General Motors Corp. shares fell to their lowest point in more than 75 years Friday, as investors fretted that the ailing automaker may be forced to file for bankruptcy protection despite government help.
NEW YORK (AP) — General Motors Corp. shares fell to their lowest point in more than 75 years Friday, as investors fretted that the ailing automaker may be forced to file for bankruptcy protection despite government help.
GM shares hit a low of $1.27 in late morning trading before rebounding to $1.49 in the afternoon.
The low point matched a low set May 4, 1933, according to the Center for Research in Security Prices at the University of Chicago. The price is adjusted for splits and other changes.
GM said in a statement Friday that it has not changed its intention to avoid a bankruptcy filing, and that an out-of-court restructuring remains its best option to survive the worst auto sales climate in 27 years.
The Detroit automaker lost $30.9 billion last year, is living on $13.4 billion in U.S. government loans, and is seeking up to $30 billion. GM is also hoping to get help from other countries. The automaker’s Adam Opel AG subsidiary wants to secure at least $3.8 billion from the German government.
“As a prudent business measure, the company has analyzed various bankruptcy scenarios,” GM said in its statement. “However, the company firmly believes an in-court restructuring would carry with it tremendous costs and risks, the most significant being a dramatic deterioration of revenue due to lost sales.”
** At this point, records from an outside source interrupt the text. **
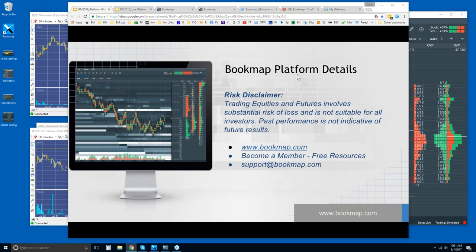Welcome to the Bookmap platform webinar. We'll go through the details in the platform, answer any questions that you have, and understand what you're looking at in Bookmap and how to start to leverage it in your trading.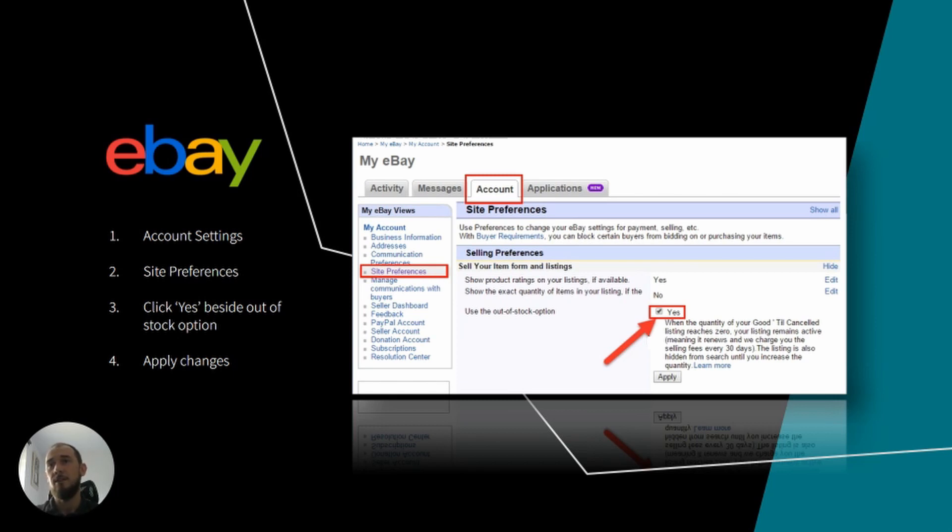If you are a Geek Seller user, activation of the Out-of-Stock option will allow us to set zero quantities on your products on eBay.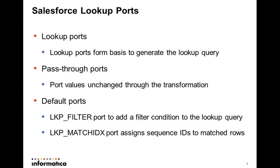The Lookup match index port would be used to identify the matched rows when the Lookup query returns multiple matches. So for each such matched row, PowerCenter would create a unique sequence ID.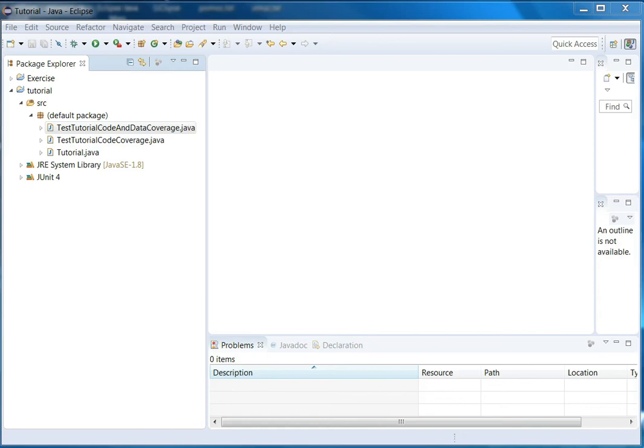Welcome back. We talked about code coverage before, and now we're going to talk about data coverage.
GM said in its annual report Thursday that it’s on the edge of bankruptcy and won’t be able to avoid it unless it gets more government money and successfully executes its restructuring plan. The company’s auditors said they had doubts about whether GM can overcome its staggering losses and generate enough cash to stay in business.
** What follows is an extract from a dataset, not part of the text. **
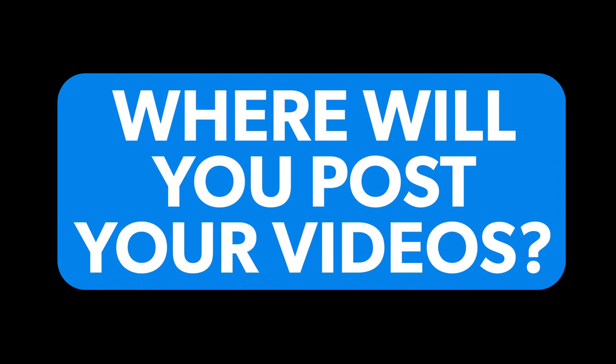Welcome to the fourth video of the video marketing beginner's guide. So where will you post your videos?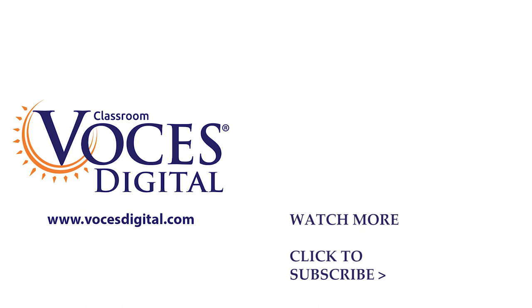Thank you so much for watching and don't forget to subscribe to our channel for more videos.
Even if the automaker doesn’t file for bankruptcy protection, analysts have said that a government bailout will also dilute the automaker’s shares to the point that they are nearly worthless. Part of the company’s restructuring plan is to get bondholders and the United Auto Workers union to accept new GM stock in exchange for debt and cash contributions to a retiree health care trust fund.
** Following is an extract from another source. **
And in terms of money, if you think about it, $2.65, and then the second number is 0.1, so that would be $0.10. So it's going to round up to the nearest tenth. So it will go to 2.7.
Friday’s stock drop comes as members of the Obama administration’s auto task force continue to meet with GM’s stakeholders and weigh their options. Treasury Secretary Timothy Geithner and National Economic Council Director Lawrence Summers planned to convene the task force at the White House on Friday to discuss the status of GM and Chrysler LLC’s restructuring plans.
Members of the task force met Thursday with representatives of GM’s bondholders, along with the chief executive of Fiat Group SpA, whose company wants to form an alliance with Chrysler.
In an interview with The Associated Press on Thursday, GM Chief Financial Officer Ray Young said GM is making progress to renegotiate its $28 billion in unsecured debt with bondholders, with both sides doing due diligence.
The company also is negotiating with the UAW to change their agreement on the retiree health care fund. GM owes $10 billion to the fund this year and next, and has discussed changing the timing of the payments.
“We’re moving the ball up the field,” Young said. “We don’t need Chapter 11 in order to get these restructurings done.”
The government has the option of recalling its loans if GM and Chrysler don’t have signed deals for the debt restructuring and other concessions from its stakeholders by March 31.
Members of the auto task force are scheduled to meet with GM and Chrysler executives in the Detroit area Monday and tour the companies’ facilities. Both companies are likely to show off plans for new rechargeable electric vehicles that are due out sometime next year.